::: Extracted information :::

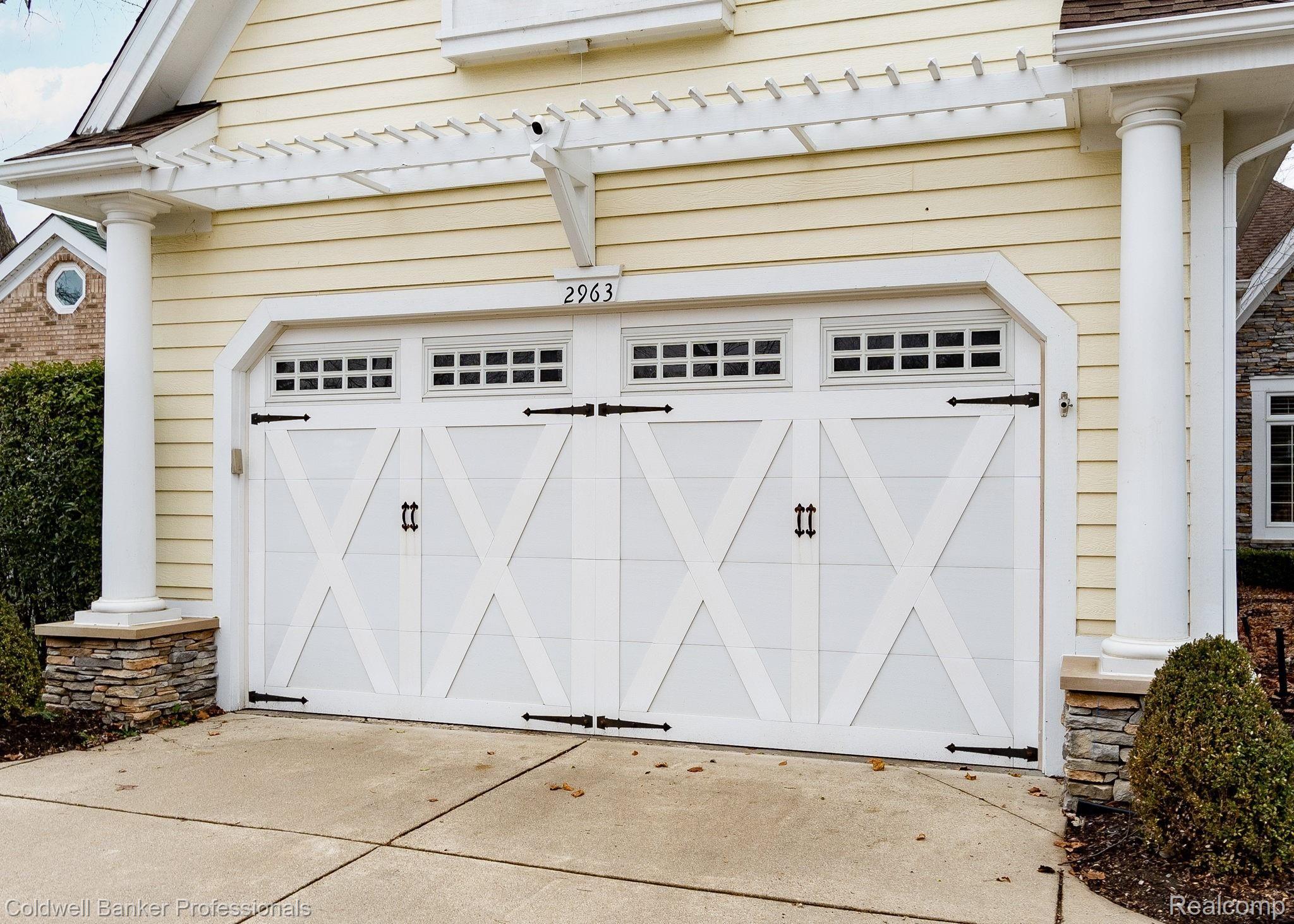 2963 Lansdowne Road Waterford, MI 48329 - Photo 2 of 51 2-web-or-mls-2963-Lansdowne-Rd-2.jpg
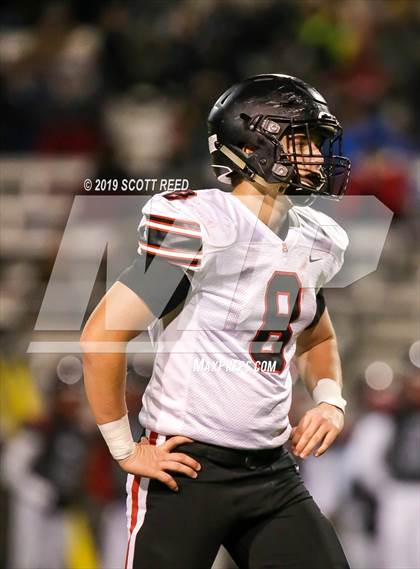 Thumbnail 2 in Jonathan Alder vs. Bishop Hartley (OSAA DIII Regional Final) photogallery.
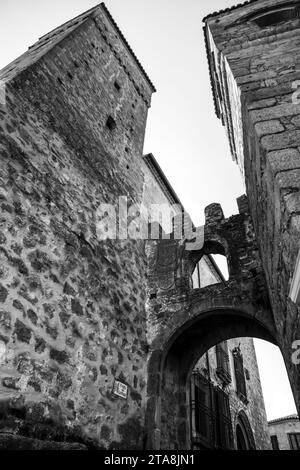 Trujillo, Caceres, Espagne- 21 octobre 2023 : la Puerta de Santiago dans la vieille ville du village de Trujillo, Caceres, Espagne Banque D'Images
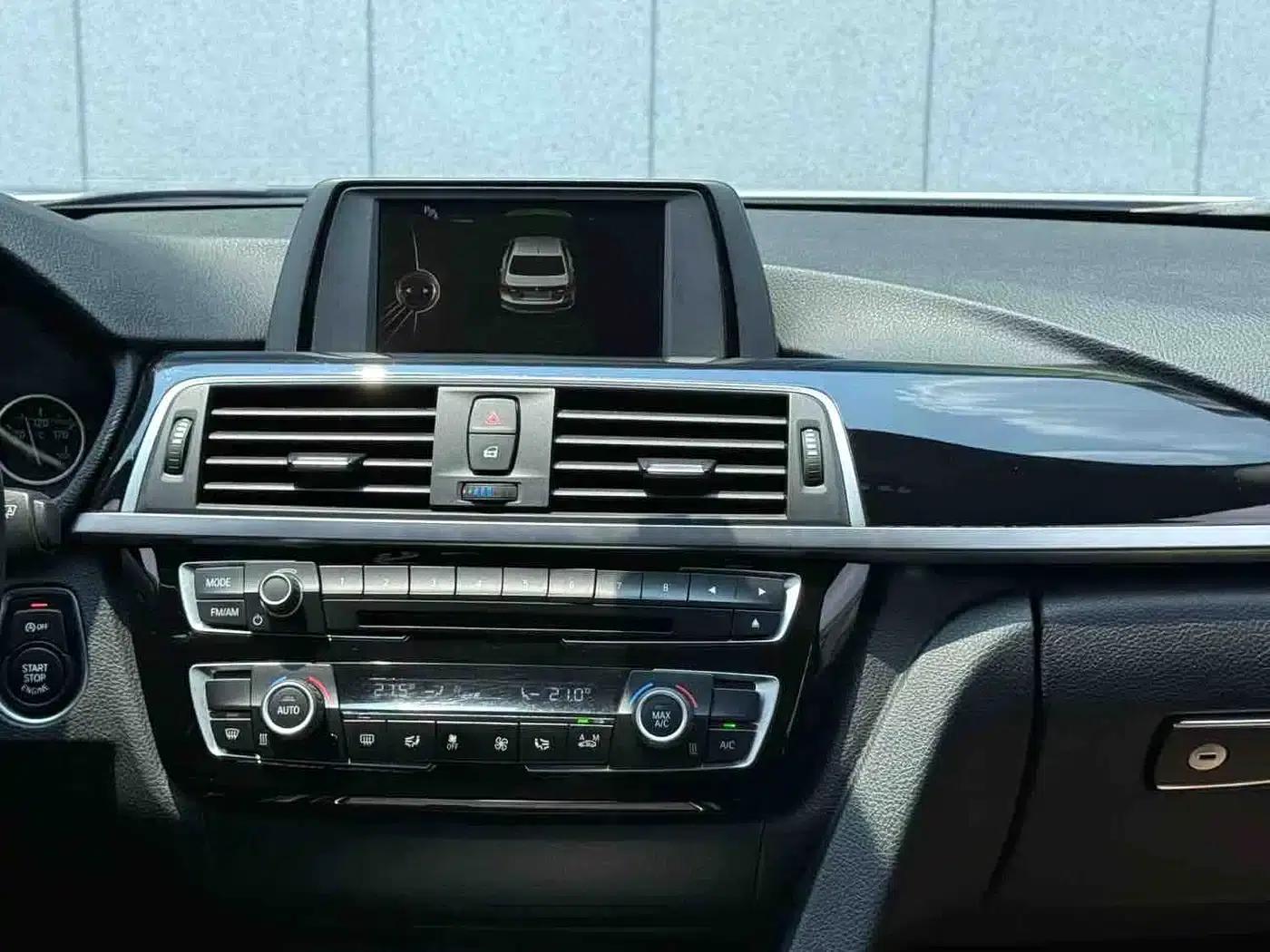 2017 BMW 3 Series 320Li Fashion Edition — миниатюра 8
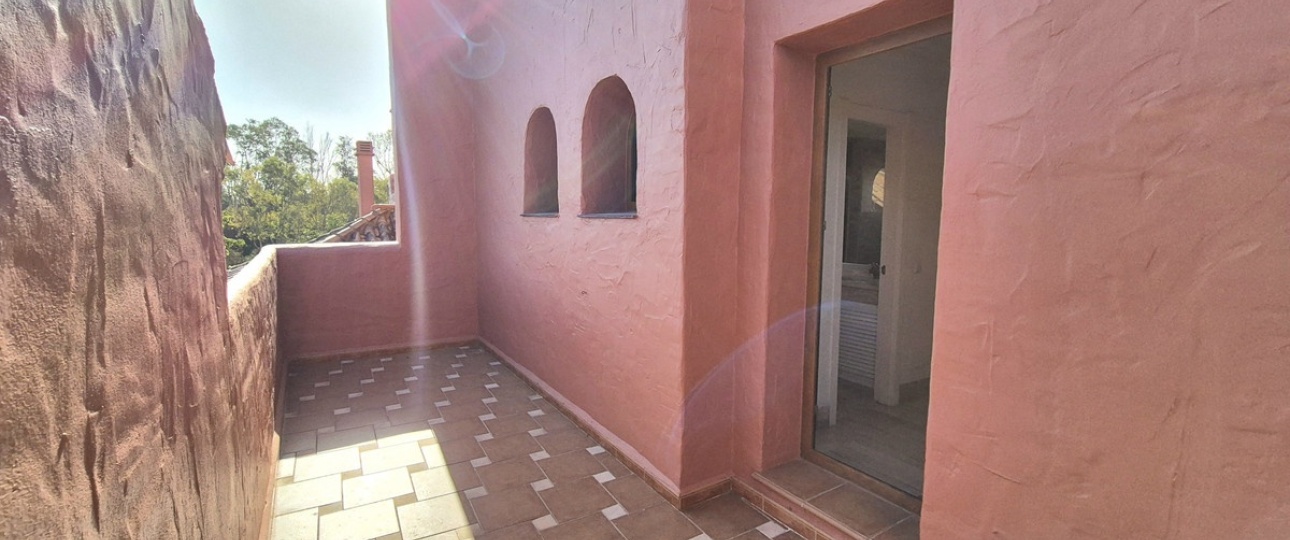 Rynek wtórny - apartment - Marbella - Guadalmina Baja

:::

Aim of the exercise: Write out exactly the lines running from the one with "Thumbnail 2 in" through the end of the material, both ends included, while leaving the pictures out.

Written solution:
 Thumbnail 2 in Jonathan Alder vs. Bishop Hartley (OSAA DIII Regional Final) photogallery.
 Trujillo, Caceres, Espagne- 21 octobre 2023 : la Puerta de Santiago dans la vieille ville du village de Trujillo, Caceres, Espagne Banque D'Images
 2017 BMW 3 Series 320Li Fashion Edition — миниатюра 8
 Rynek wtórny - apartment - Marbella - Guadalmina Baja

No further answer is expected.